Whistleblowers. Ceresney provided an update on the whistleblower program, which passed $100 million in awards last year. To date, about half of the whistleblowers have been company insiders, and the other half are investors, people at competitors, people who do data analysis, or people with a personal relationship with the wrongdoer, he said.

Last year there was an increase in cases where companies interfered with the whistleblower, according to Ceresney. In these cases, the staff is looking for more proof than simply a company’s claim that no one was impeded. In particular, if there is an agreement in place that limits an employee’s options for coming forward, that in itself is considered interference, he said.

Other issues.
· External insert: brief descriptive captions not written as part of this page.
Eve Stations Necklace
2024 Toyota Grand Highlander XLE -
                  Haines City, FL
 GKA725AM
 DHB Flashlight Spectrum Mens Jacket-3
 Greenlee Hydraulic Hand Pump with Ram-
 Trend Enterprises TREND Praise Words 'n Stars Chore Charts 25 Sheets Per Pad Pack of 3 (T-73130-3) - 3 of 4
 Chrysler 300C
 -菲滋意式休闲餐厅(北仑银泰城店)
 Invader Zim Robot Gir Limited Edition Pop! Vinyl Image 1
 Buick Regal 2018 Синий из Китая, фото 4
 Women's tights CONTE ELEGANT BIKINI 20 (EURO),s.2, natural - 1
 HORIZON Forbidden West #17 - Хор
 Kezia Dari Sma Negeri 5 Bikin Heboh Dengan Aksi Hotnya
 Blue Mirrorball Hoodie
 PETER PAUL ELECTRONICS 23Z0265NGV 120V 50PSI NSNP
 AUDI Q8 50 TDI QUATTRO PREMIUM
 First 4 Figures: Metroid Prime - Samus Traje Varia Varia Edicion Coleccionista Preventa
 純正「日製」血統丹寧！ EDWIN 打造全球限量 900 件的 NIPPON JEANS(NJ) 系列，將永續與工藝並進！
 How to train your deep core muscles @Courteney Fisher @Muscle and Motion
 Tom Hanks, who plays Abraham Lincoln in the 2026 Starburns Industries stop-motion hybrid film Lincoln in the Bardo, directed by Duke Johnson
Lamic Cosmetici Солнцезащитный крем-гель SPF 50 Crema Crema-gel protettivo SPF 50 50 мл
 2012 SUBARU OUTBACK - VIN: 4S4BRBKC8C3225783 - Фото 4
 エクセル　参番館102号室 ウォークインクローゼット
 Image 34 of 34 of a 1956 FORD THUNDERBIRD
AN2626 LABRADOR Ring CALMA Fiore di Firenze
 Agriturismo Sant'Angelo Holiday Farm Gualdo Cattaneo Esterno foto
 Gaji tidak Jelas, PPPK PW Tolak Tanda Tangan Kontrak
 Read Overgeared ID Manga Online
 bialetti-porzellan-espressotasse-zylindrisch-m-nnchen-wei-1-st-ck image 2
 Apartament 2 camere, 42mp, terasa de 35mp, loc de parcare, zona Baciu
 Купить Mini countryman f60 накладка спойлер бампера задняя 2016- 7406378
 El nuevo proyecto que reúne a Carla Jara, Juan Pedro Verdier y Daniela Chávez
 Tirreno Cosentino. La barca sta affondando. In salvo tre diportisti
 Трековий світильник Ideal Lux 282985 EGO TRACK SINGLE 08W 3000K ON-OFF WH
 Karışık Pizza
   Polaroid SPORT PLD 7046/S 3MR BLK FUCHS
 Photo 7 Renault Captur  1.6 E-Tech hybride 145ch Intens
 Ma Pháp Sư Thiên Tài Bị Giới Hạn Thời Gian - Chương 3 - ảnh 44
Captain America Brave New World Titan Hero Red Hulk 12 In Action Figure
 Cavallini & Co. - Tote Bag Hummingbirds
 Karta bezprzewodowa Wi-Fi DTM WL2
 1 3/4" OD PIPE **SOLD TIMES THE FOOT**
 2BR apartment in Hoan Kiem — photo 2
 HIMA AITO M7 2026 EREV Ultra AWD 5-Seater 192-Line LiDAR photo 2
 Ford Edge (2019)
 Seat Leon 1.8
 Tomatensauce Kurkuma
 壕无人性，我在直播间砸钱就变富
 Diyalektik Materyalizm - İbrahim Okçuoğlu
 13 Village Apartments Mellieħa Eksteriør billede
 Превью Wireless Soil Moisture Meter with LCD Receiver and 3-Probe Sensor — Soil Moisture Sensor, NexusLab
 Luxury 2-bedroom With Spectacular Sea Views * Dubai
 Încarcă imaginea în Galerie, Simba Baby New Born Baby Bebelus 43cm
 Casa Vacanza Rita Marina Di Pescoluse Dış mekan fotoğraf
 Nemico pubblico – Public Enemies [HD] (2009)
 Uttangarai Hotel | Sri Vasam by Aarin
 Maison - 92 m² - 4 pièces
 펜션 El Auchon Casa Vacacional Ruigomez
Ceresney would not comment on whether there is an enforcement sweep underway in the area of non-GAAP reporting. It is an area the enforcement division has focused on, he noted, citing a recent non-GAAP case. The staff’s focus in this instance was whether the company had reconciled the non-GAAP numbers to GAAP and the prominence of the non-GAAP disclosure.

Asked whether the enforcement staff planned to take steps to cut down on overlapping actions with other agencies, Ceresney said the division already engages in coordination efforts with foreign authorities and the DOJ. The SEC handles disgorgement and the DOJ imposes penalties and they do not double count, he stated. The division also holds quarterly meeting with FINRA and the PCAOB to discuss who will handle cases, and sometimes hands matters over to state regulators, he added.